Any question about a housing bubble bursting in the suburbs was answered in 2008.
Home prices dropped in most suburbs last year after they peaked in 2007, and the number of sales again fell precipitously, according to figures from the Illinois Association of Realtors.
In 2007, home sales were down 20 percent in the Chicago area, including both city and suburbs. But average prices were up 4.7 percent. In 2008, sales dropped another 26 percent, while the average price of $311,895 represents a drop of 4.4 percent - almost the same dollar amount it had risen the year before, the Illinois Association of Realtors said.

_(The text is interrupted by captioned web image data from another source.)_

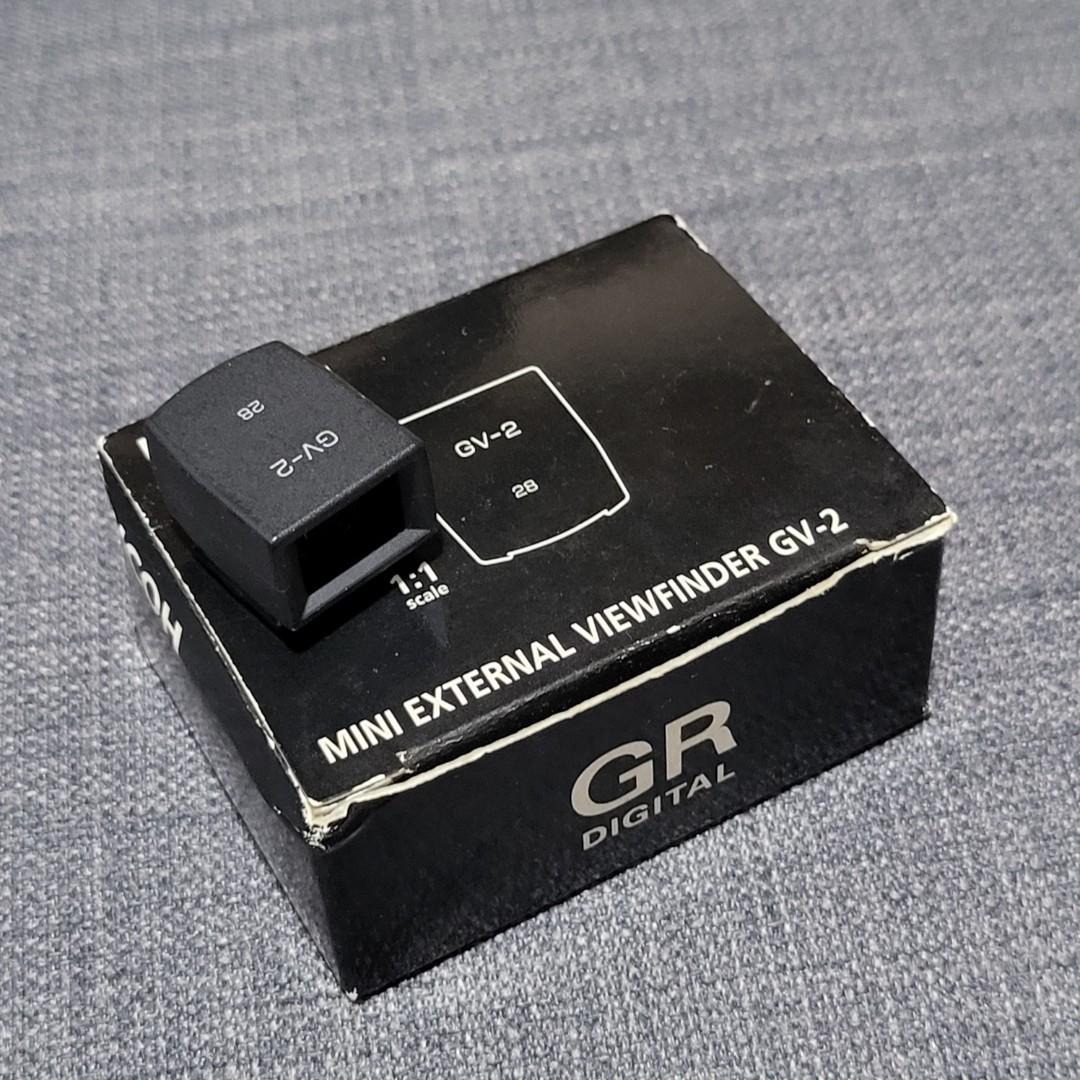 RICOH External Mini Finder GV-3 [Compatible Models: GR IIIx / Optical Viewfinder With A 1.6 Inch (40 Mm) Angle Of View Attached To Hot Shoe / About 85% Of Viewing Ratio - View #5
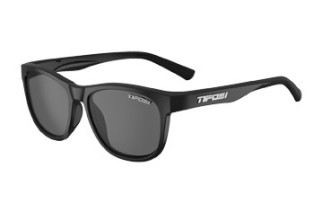 Okulary TIFOSI SWANK POLARIZED satin black (1 szkło Smoke POLARYZACJA 13% transmisji światła) (NEW)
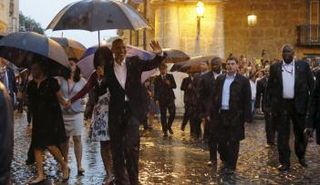 زيارة أوباما لكوبا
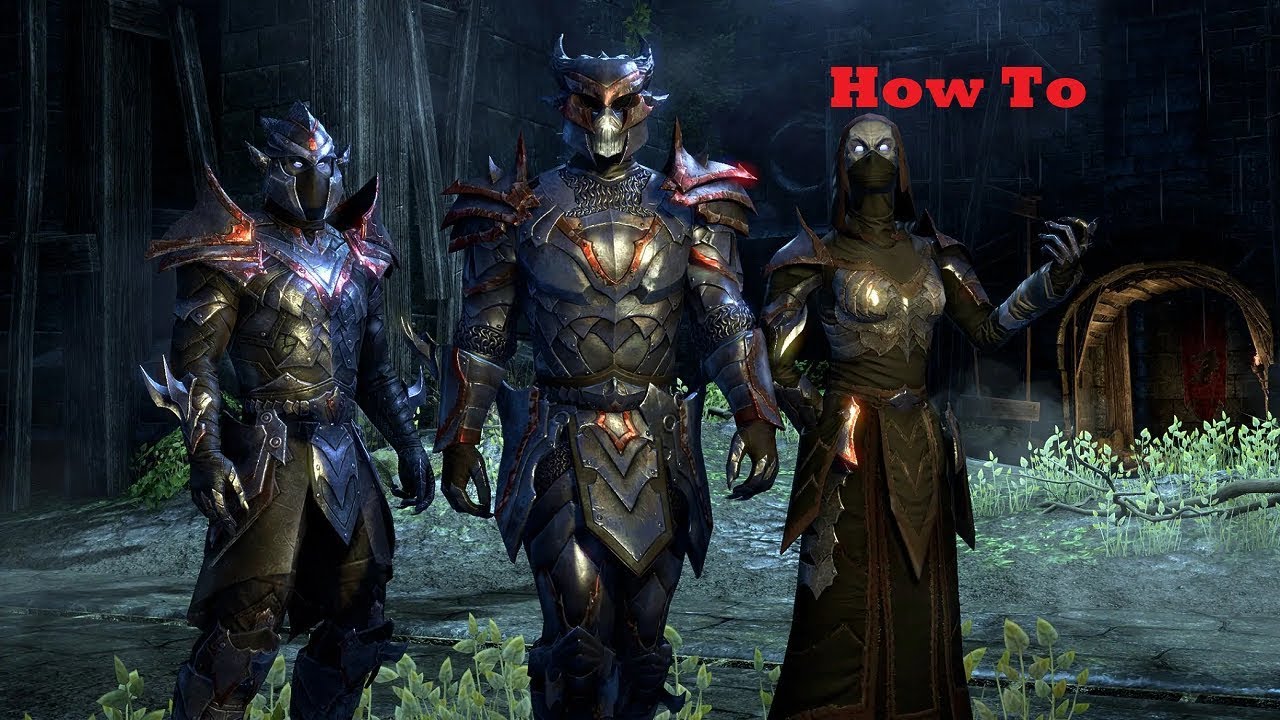ESO *How-To-Get* Polymorphs Augur/Tormentor/Dreadguard - YouTube.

Prices in the Chicago region have not fallen as much as in areas like Florida, Arizona and Nevada because they never shot up very fast, said Pat Callan, president of the association, adding that some years prices might have climbed 10 percent annually here, compared with 30 or 40 percent in "hot areas."
"We have a very diverse economy, and historically that's how the Midwest has reacted-more stable," said Callan, although he did say that the effect on the housing market is deeper this time than in recent recessions.
In some communities prices fell 20 percent or more, while in a few they actually rose. Industry leaders hope that federal action - including the $8,000 tax credit for first-time home buyers - will help improve things this year.
Right now it is the sale of foreclosed homes that is causing excitement among buyers - inspiring bargain hunters, especially with mortgage interest rates so low. Industry leaders say prices will stabilize only when foreclosures stop and the job market improves.
Distressed sales are not a fair sign of the market, said Sheila Butt, managing broker for Prudential First Realty in Crystal Lake and president of the McHenry County Association of Realtors.
Industry leaders disagree as to what the drop in average prices means.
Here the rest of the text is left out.